# Windy Weekend Redfish



## Flaco (Mar 22, 2007)

The title speeks for itself. Ran to Rockport last weekend for some R&R. Met up with the Drake boys Fri. evening (thanks for the invite Ish) and met some great guys. I retired early to the old R.V. I had hopes of Redfish for the following morning but my hopes were not high when I awoke to winds and cloud cover. I met up with d-donahughe Sat. a.m. I had been looking forward to a ride on his boat for a while. It is a cool little fishin' machine. We did find some fish but struggled to catch them. Here are a few pictures.




































Thanks d. Love the boat!


----------



## Stuart (May 21, 2004)

Very cool. So what is the fate of the Ambush since Tom is with HB now?


----------



## houfinchaser (Oct 10, 2008)

Great report and photos..


----------



## Ish (Oct 30, 2008)

glad you came by. you should have come by sat night too; it got out of hand!

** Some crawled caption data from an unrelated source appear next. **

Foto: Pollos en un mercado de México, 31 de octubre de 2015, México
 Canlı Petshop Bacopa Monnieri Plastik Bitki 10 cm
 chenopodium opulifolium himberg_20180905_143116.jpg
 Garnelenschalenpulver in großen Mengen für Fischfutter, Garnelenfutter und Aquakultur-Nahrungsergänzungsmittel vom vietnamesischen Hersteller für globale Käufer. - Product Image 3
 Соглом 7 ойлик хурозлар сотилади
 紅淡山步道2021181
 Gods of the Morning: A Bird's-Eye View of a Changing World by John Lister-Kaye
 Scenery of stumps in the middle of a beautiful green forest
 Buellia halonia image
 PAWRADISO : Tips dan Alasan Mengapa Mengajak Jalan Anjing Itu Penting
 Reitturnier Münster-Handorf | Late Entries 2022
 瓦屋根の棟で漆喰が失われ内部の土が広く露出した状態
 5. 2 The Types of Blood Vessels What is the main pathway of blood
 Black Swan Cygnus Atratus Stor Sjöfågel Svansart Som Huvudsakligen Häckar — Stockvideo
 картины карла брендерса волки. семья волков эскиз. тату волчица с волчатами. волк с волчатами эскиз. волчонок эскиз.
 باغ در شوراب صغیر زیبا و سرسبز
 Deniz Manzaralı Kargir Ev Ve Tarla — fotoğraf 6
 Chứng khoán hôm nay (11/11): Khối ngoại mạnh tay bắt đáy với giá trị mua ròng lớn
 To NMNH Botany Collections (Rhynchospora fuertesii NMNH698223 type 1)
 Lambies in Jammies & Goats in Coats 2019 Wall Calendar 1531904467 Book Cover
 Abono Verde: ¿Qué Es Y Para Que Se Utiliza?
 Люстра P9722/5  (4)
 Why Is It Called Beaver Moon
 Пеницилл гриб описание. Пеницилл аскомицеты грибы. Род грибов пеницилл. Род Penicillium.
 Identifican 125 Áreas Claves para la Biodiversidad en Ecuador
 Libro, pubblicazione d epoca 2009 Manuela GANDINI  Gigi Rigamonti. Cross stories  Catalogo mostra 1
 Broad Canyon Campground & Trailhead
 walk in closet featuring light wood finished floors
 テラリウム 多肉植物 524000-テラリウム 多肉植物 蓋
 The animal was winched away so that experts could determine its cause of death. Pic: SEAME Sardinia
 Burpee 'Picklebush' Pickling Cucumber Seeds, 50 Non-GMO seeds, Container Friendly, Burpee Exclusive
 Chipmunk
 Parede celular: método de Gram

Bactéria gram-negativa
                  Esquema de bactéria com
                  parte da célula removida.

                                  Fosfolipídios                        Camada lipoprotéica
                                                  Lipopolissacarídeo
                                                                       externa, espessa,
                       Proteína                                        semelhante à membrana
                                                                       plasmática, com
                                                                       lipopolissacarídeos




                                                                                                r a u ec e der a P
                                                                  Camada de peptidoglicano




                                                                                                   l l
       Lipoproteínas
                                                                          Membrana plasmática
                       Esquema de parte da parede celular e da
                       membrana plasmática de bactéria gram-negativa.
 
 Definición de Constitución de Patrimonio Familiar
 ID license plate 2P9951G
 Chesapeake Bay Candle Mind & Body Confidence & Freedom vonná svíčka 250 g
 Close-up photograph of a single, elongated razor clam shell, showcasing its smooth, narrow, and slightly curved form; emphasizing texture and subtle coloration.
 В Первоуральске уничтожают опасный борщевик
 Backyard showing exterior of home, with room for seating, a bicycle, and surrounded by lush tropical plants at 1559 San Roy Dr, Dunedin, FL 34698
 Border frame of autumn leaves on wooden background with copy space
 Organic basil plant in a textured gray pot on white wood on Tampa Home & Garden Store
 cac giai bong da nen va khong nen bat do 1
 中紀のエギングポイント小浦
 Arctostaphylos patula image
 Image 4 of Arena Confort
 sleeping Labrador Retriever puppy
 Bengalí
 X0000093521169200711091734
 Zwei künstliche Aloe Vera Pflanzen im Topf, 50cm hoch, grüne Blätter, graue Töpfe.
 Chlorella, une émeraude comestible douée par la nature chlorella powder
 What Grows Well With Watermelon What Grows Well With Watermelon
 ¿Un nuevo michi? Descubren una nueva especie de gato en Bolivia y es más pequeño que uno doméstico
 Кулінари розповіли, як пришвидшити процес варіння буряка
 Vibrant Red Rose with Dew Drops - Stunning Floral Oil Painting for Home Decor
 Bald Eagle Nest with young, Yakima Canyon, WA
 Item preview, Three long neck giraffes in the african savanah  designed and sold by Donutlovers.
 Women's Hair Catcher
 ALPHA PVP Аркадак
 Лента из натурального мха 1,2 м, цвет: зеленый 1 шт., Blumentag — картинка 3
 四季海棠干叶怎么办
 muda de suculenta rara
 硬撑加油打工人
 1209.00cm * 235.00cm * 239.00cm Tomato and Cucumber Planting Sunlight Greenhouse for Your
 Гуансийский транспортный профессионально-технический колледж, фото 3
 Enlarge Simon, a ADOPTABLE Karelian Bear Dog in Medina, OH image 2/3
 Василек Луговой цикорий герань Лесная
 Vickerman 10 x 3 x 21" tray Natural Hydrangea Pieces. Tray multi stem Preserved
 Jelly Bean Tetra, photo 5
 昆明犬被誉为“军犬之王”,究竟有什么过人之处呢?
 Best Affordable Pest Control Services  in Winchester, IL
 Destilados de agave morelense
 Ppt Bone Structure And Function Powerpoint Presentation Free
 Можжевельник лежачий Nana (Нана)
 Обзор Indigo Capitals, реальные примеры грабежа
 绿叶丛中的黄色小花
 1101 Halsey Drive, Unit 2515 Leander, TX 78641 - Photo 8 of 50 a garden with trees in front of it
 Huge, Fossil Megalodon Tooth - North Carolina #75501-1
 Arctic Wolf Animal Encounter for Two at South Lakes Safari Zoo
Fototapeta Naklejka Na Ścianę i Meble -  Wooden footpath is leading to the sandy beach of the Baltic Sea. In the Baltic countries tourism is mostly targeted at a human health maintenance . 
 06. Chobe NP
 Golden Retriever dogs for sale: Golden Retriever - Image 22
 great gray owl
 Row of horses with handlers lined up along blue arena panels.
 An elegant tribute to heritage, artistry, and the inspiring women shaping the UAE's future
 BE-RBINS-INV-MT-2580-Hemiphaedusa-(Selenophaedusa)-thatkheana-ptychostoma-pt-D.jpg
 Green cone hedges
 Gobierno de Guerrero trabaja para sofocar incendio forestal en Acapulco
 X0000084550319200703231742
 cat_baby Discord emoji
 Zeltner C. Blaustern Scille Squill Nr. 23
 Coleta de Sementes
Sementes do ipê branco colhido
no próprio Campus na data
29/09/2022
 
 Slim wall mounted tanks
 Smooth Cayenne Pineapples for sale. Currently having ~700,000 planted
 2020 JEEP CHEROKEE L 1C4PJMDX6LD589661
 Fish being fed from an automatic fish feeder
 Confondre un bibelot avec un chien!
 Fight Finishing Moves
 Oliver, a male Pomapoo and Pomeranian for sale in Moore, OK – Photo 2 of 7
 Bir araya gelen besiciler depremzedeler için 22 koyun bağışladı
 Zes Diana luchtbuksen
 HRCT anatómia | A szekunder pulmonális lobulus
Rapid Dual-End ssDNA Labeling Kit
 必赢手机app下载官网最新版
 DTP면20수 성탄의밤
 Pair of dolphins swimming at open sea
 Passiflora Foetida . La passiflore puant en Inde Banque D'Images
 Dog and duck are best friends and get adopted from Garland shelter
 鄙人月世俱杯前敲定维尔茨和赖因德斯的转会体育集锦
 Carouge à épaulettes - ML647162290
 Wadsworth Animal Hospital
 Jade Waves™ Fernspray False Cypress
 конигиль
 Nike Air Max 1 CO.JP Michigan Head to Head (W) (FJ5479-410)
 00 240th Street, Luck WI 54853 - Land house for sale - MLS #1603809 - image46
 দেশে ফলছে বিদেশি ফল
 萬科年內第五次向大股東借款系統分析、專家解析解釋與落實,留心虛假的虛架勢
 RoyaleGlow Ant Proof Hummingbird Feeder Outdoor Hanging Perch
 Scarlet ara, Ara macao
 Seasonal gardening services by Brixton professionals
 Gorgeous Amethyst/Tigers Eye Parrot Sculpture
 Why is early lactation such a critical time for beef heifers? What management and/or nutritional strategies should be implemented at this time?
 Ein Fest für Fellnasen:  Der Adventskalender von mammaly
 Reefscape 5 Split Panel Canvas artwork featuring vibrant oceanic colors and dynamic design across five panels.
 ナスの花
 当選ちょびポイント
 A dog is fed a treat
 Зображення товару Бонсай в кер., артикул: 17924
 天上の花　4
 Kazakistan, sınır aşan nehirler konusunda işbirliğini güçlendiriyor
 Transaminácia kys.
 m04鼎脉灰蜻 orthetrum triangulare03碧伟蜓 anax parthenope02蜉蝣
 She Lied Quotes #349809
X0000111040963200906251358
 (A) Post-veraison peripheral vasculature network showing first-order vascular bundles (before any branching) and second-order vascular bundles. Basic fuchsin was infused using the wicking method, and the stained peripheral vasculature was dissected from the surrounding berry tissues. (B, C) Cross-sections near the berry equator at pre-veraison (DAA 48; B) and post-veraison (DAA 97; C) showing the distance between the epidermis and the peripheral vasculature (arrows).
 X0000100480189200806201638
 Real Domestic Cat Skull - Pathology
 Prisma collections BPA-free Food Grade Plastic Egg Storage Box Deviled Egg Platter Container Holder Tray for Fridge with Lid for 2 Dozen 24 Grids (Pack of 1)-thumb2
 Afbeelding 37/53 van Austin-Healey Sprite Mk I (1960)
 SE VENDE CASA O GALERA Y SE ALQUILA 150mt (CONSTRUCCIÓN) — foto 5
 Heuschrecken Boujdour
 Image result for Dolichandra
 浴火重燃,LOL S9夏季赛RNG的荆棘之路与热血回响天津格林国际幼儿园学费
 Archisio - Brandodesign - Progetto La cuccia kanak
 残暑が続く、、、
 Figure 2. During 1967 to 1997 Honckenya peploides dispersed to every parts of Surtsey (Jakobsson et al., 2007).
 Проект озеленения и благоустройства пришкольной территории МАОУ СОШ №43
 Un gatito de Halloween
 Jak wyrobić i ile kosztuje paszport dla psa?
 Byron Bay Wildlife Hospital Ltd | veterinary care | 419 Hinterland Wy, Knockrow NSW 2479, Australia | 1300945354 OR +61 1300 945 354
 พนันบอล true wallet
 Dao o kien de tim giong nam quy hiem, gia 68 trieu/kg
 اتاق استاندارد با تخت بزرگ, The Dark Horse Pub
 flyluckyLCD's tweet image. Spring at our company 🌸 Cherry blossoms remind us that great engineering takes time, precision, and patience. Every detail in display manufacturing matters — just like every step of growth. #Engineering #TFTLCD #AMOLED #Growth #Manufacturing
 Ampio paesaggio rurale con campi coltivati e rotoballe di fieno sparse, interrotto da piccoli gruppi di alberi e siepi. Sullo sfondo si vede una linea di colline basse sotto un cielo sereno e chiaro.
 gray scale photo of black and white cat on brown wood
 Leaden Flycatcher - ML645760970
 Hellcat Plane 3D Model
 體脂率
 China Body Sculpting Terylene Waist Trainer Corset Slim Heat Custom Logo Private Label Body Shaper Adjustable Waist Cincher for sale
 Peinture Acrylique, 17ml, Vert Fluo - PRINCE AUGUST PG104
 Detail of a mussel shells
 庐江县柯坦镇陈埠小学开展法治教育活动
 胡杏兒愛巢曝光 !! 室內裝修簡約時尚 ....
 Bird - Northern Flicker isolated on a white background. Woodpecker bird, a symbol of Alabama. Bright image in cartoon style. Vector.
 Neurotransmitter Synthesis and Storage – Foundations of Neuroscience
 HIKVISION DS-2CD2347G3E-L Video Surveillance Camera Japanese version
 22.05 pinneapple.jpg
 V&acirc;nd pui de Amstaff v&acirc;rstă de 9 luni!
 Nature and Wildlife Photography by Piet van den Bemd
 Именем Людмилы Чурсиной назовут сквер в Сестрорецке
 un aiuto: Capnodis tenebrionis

let's do it again soon - i owe you some beer.


----------



## tightline80 (Mar 7, 2008)

Nice job bro. Looks like yall found em despite the weather


----------



## Bruce J (Jun 27, 2004)

Great looking boat!


----------



## LUISJG (Mar 22, 2006)

where can I get a boat like that ??


----------



## d-donaghue (Oct 30, 2007)

i saw one 4sale on microskiff.com .. i think it is in florida...


----------



## Stuart (May 21, 2004)

LUISJG said:


> where can I get a boat like that ??


There is or was one for sale on microskiff.com. The seller was a rigger for Gordon before Tom moved over to HB. The story is that HB has put the mold in mothballs for now. Scott Sommerlatte has one or two I believe in Seadrift.


----------



## jackfishish (Feb 19, 2009)

Stuart said:


> There is or was one for sale on microskiff.com. The seller was a rigger for Gordon before Tom moved over to HB. The story is that HB has put the mold in mothballs for now. Scott Sommerlatte has one or two I believe in Seadrift.


I'm sure at this point HB will build one for anybody who wants one.


----------



## d-donaghue (Oct 30, 2007)

its a great little skiff for working the shallow back lakes & creeks.. at some point in time it will most likely be back as a HB...


----------